Standpunt van de inspecteur

De inspecteur betoogde dat de bankrekening op naam van de dga stond en dat de stortingen als een winstuitdeling van de bv aan de dga moesten worden gezien. Om van een winduitdeling te kunnen spreken, moet voldaan zijn aan een subjectieve eis en een objectieve eis. De objectieve eis houdt in dat een vermogensverschuiving heeft plaatsgevonden van de bv naar de aandeelhouder, waardoor de bv wordt verarmd en de aandeelhouder wordt verrijkt. De inspecteur stelde dat de storting van omzetbedragen op een privébankrekening van de dga een vermogensverschuiving van de bv naar de de dga inhield.
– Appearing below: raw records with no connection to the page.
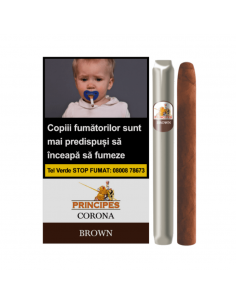 La Aurora Principes Corona Brown (5)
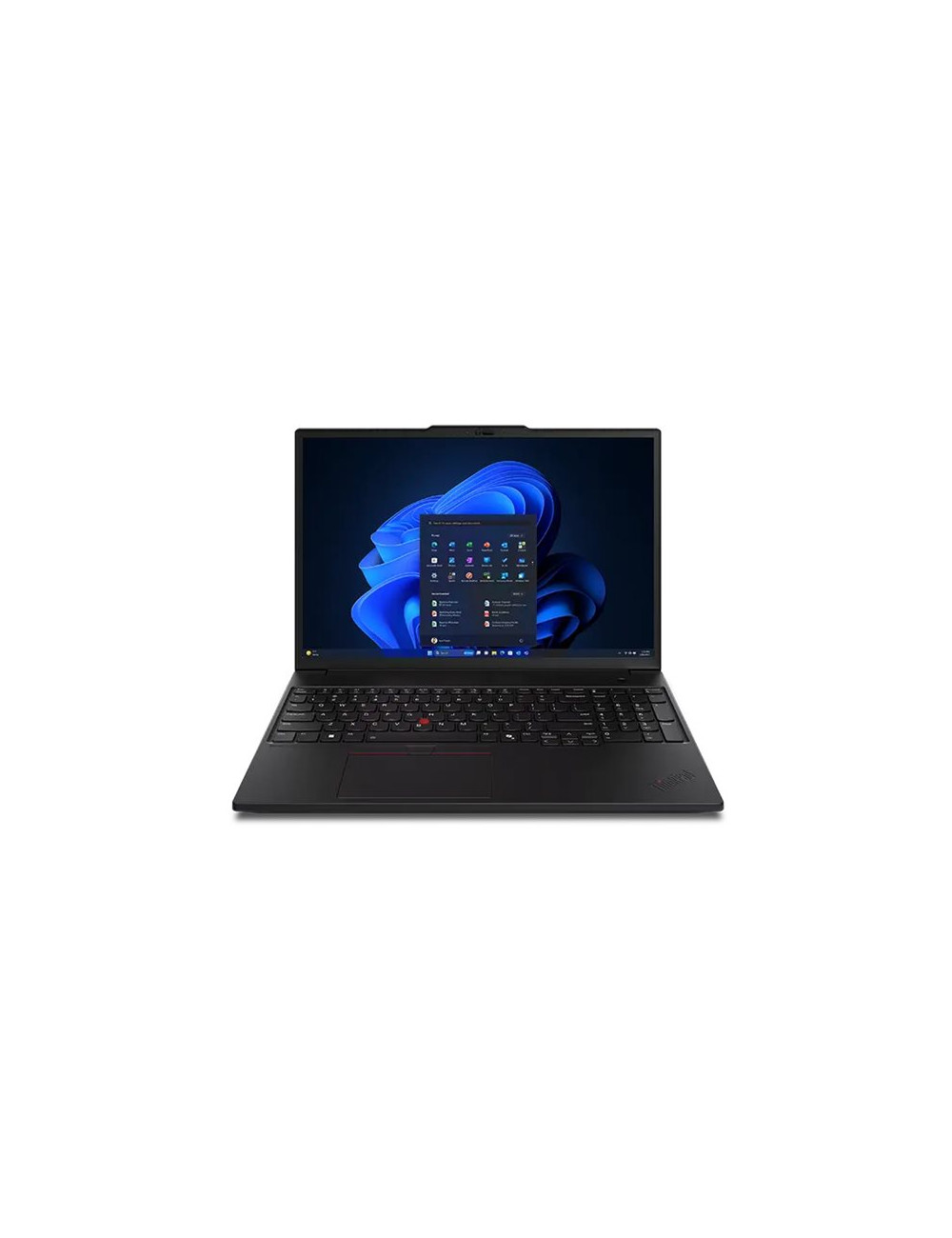 Lenovo ThinkPad P16s G4 Intel | Black | 16 " | IPS | WUXGA | 1920 x 1200 pixels | Anti-glare | Intel Core Ultra 7 | 255H | 32 (2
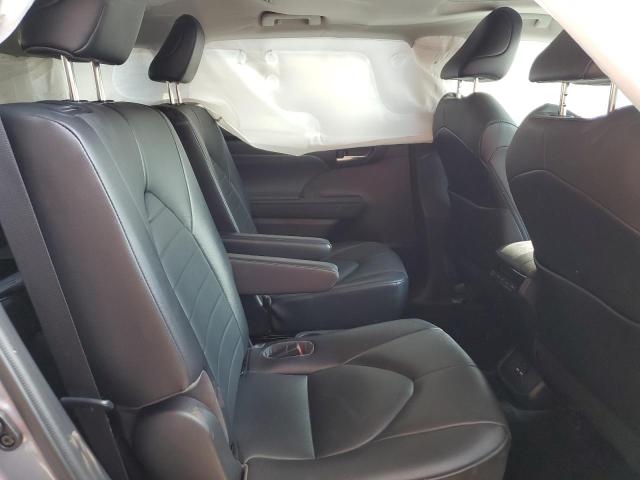 Photo 6 from auction – 2021 TOYOTA HIGHLANDER with VIN 5TDGZRBH1MS100588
De subjectieve eis vereist dat zowel de bv als de dga zich bewust moet zijn van de bevoordeling. In dit geval wist de dga dat de gelden afkomstig waren van de bv en dat ze ten gunste van hem werden gestort. Dit maakte volgens de inspecteur duidelijk dat de partijen bewust hebben gehandeld, waarmee is voldaan aan de subjectieve eis.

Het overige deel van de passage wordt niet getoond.